Limitations & Future Work

  1. Insufficient hand dexterity: The current model exhibits high failure rates in scenarios requiring grasping and lifting the recipient's arm; fine-grained finger coordination is difficult to learn from noisy demonstrations, necessitating higher-DoF hand models or dedicated grasping policies.
  2. Absence of visual observations: The current policy relies on precise proprioceptive and partner state information without incorporating visual observations, limiting the feasibility of sim-to-real transfer to physical humanoid robots.
  3. Decoupled planning and control: The lack of tight integration between high-level motion planners and low-level tracking controllers prevents truly real-time adaptive coordination; future work may explore end-to-end joint learning of planning and control.
  4. Generalist policy success rate has room for improvement: The generalist achieves a success rate of 64.7% across 30 diverse interaction clips, still lagging behind the specialist's 83.4%; expanding training data and policy capacity are important directions.
Aspect AssistMimic Human-X (2025) Phys-Reaction (2024)
Interaction Modeling Joint MARL, both parties co-optimized Diffusion planner + single-agent tracking Single agent + kinematic playback
Physical Consistency Fully physics-simulated, supports force feedback Partial physics, open-loop reaction Playback breaks physical consistency
Applicable Scenarios Force-exchanging assistance (supporting/lifting) Social interaction (high-fives, etc.) Non-contact social interaction
Key Limitation Insufficient hand dexterity Cannot handle force-coupled interactions Recipient trajectory cannot be independently generated

vs. PHC: AssistMimic directly inherits PHC's single-person tracking framework as a motion prior and extends it to a multi-agent architecture, demonstrating that a strong single-person controller can serve as a powerful foundation for multi-person interaction.

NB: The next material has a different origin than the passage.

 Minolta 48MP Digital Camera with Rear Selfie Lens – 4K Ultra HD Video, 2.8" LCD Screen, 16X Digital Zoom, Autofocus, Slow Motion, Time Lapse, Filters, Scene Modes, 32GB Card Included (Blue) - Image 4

vs. CooHOI: CooHOI addresses human-object collaborative manipulation, whereas this work targets human-human assistive interaction. The key challenge is that the recipient is itself an agent with autonomous dynamics rather than a passive object, requiring bidirectional adaptation.

Rating

  • Novelty: ⭐⭐⭐⭐ — Formulating assistive interaction as an asymmetric MARL problem is a first in this domain; all three core components are grounded in clear physical intuition.
  • Experimental Thoroughness: ⭐⭐⭐⭐ — Two datasets, four evaluation settings, full ablations, and robustness tests under unseen dynamics; however, sim-to-real and real-robot experiments are absent.
  • Writing Quality: ⭐⭐⭐⭐ — Problem formulation is clear, component motivations are well-justified, and figures effectively illustrate method advantages and baseline failure modes.
  • Value: ⭐⭐⭐⭐⭐ — Assistive robotics is an important application domain; this work is the first to solve the control problem of physically plausible dyadic assistive interaction, laying the groundwork for future sim-to-real transfer.